La montée des marches des 82 à Cannes en 2018 [un rassemblement initié par le Collectif 50/50, appelant à la parité au sein de l'industrie, et rassemblant le nombre de femmes retenues en compétition pour la Palme d’or par le festival depuis sa première édition, ndlr] a été un moment bouleversant pour moi. Par la suite, j’ai trouvé géniale la signature de la charte 50/50, mais aussi incroyable qu'on ait besoin de ça pour qu’il y ait du changement. . En réaction épidermique, j'ai monté un jury exclusivement féminin, présidé par Corinne Masiero, cette année-là.

À ceux qui m’ont lancé : « C’est ça, pour vous, la parité ? », j’ai rétorqué que ça ne semblait pas trop les gêner quand les jurys étaient exclusivement masculins. Ensuite, j'ai pris la décision de rendre la compétition courts métrages paritaire, sans rien céder sur la qualité évidemment, puisqu’« étrangement », je note que les femmes ont des choses à dire, en plus de choses à filmer.

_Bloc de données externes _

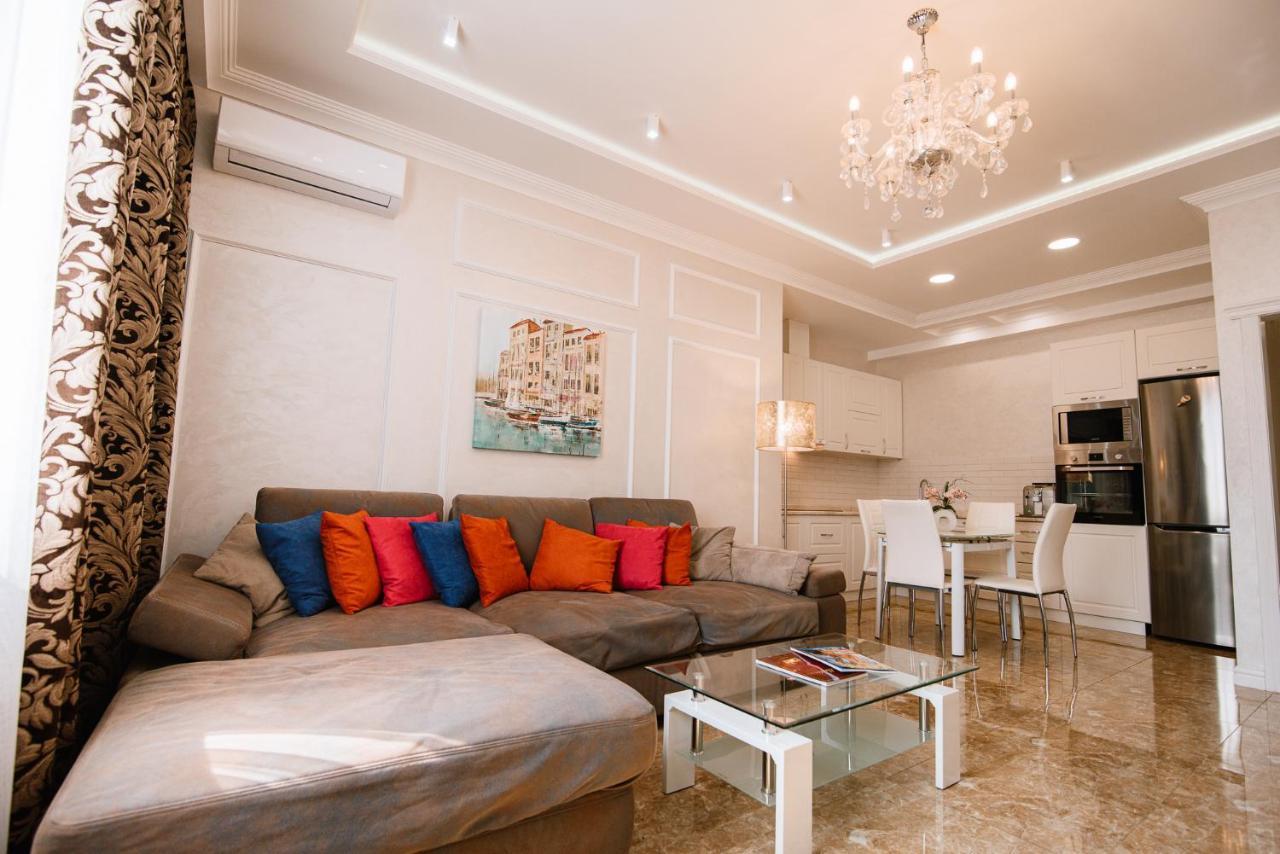 Appartamento Luxury For Business & Pleasure Royal 2 Kiev Esterno foto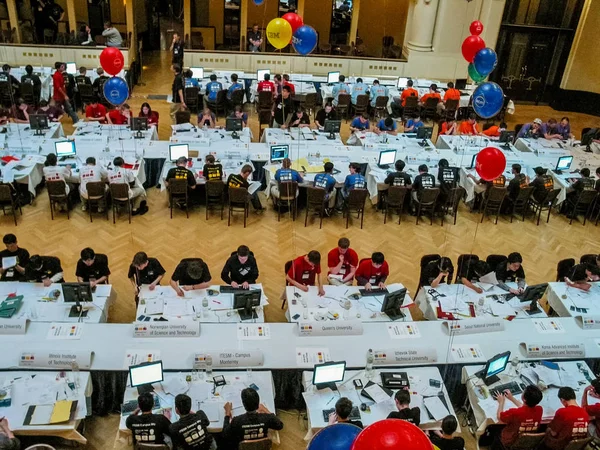 PRAGUE, CZECH REPUBLIC - MARCH 31, 2004: Students solve tasks at International Collegiate Programming Contest in Obecni Dum concert hall in Prague, Czech Republic on March 31, 2004 — Stock Photo, Image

En revanche, on a l’impression que certains réalisateurs n’ont rien contre le fait de faire des films anodins. Pour l’instant, je n’ai pu appliquer cette parité qu’aux courts métrages car il y a du volume, ce qui est beaucoup moins le cas pour le long, d’autant que je suis limité aux premiers et seconds films. Et, comme les études du Collectif 50/50 le montrent, énormément de réalisatrices ne passent pas le cap du premier long métrage. Quoi qu’il en soit, pour la compétition, je tends à la parité car il est essentiel pour moi que les réalisatrices soient représentées.